Three of these five fasts commemorate events leading to the downfall of the first commonwealth and the destruction of the first Temple, which is commemorated by the major fast of Tisha B'Av (which is a required fast, unlike these minor fasts).
Following is a list of minor fasts customarily thought to be required by Jewish law, their dates, and the events they commemorate:
The Fast of Gedaliah, Tishri 3, commemorates the killing of the Jewish governor of Israel, a critical event in the downfall of the first commonwealth.
The Fast of Tevet, Tevet 10, is the beginning of the siege of Jerusalem. It has also been proclaimed a memorial day for the six million Jews who died in the Holocaust.
The Fast of Esther, Adar 13, commemorates the three days that Esther fasted before approaching King Ahasuerus on behalf of the Jewish people. The fast is connected with Purim. If Adar 13 falls on a Friday or Shabbath, it is moved to the preceding Thursday, because it cannot be moved forward a day (it would fall on Purim).
The Fast of the Firstborn, Nisan 14, is a fast observed only by firstborn males, commemorating the idea that they were saved from the plague of the firstborn in Egypt. It is observed on the day preceding Passover.
The Fast of Tammuz, Tammuz 17, is the date when the walls of Jerusalem were breached.

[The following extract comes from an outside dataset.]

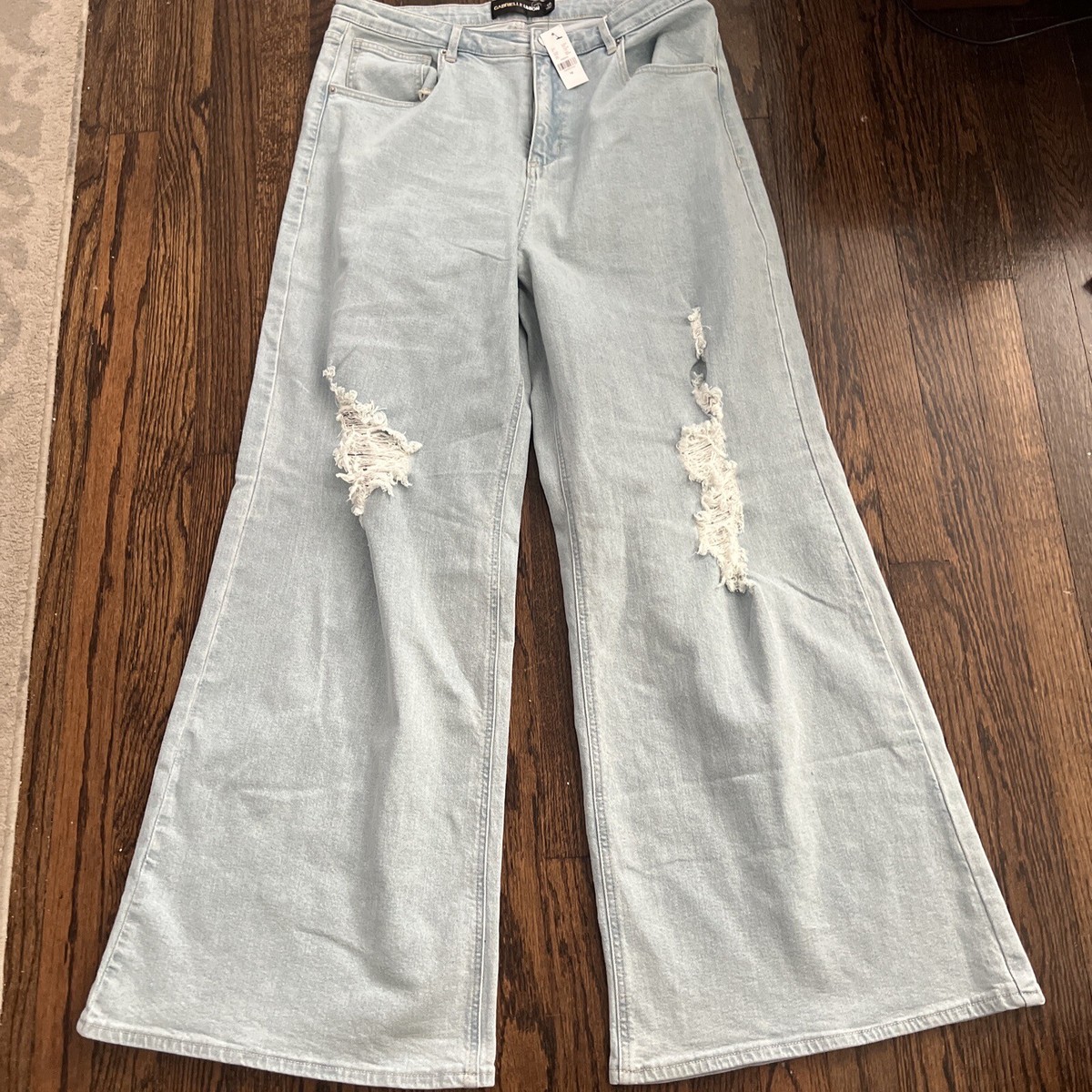 New York and Co Gabrielle Union Wide Leg Jeans Sz 16 NWT | eBay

While these fasts are permitted, they are not required according to Mishneh Torah (and the so-called Fast of the Firstborn is not even mentioned, as it is such a new custom). Those who wish to voluntarily practice these fasts (other than the Fast of the Firstborn), which are an honored and ancient tradition, are not engaging in forbidden ascetic practices, even though they are not strictly required.